Soon the papers had dubbed Bill the “Watchdog of the Loop” — his sports background, his brother being a reporter, and his own gregarious nature led to friendships with countless newspapermen, who constantly gave him glowing mentions in the press — and the Syndicate boys were scratching their heads wondering why they were paying good dough to Drury’s superiors, when they were getting ballbreaking treatment like this. Before long, Bill was taken off the street and assigned station house duty; then he was transferred to the pickpocket detail, where I first met him. In neither case did these assignments prevent the Watchdog of the Loop from pursuing his mission in life.

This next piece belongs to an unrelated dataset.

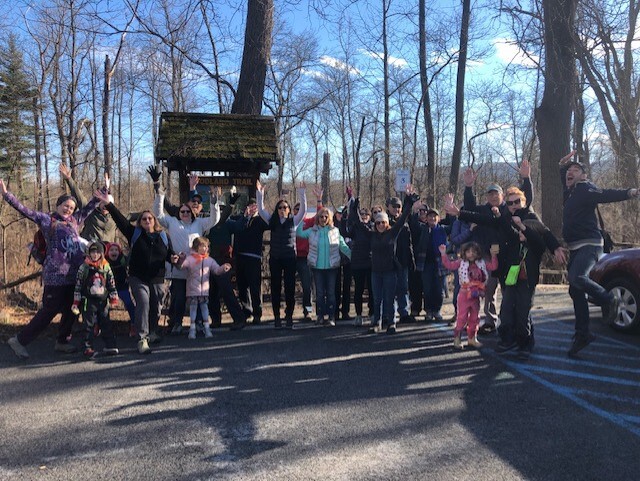 A group of people are standing in front of a sign for the Woodland Trail on a First Day Hike. Many are jumping and waving their arms with excitement. 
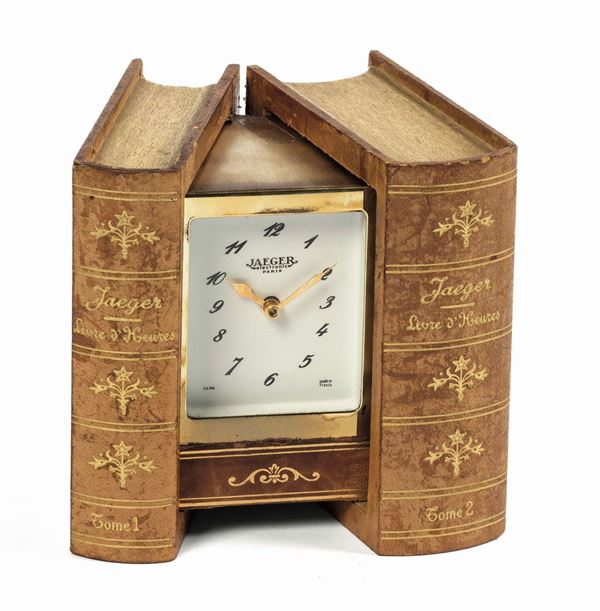 JAEGER, Paris. Livre d'Heures. Orologio da tavolo, elettromeccanico, a forma di libro.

Drury spent his off-duty hours sauntering along Rush Street and Division and other Loop thoroughfares, prowling for hoodlums. When he spotted a millionaire thug like Tony Accardo or Murray Humphries, he demanded their identification and leaned them against the nearest building, legs spread, arms and hands and fingers outstretched, patting them down for concealed weapons.

Such vicious killers as Spike O’Donnell, “Machine Gun” Jack McGurn, and Frank McErlane were among those he fearlessly badgered. He arrested Louie “Little New York” Campagna on State Street, catching the Capone crony packing a .45. In a North LaSalle office, he nabbed ten mobsters, catching Charley Fischetti carrying heat; and he arrested Jake “Greasy Thumb” Guzik, the notorious Outfit accountant, outside Marshall Field’s, to the delight of jeering onlookers.

“You son of a bitch,” the pudgy, iguana-like Guzik had sputtered. “I’m no vagrant! I got more money in my pocket right now than you earn in a fucking year!”

“Two more words, Jake,” Drury said, “and I’ll snap the cuffs on you. Two more sentences, I’ll get you fitted for a straitjacket.”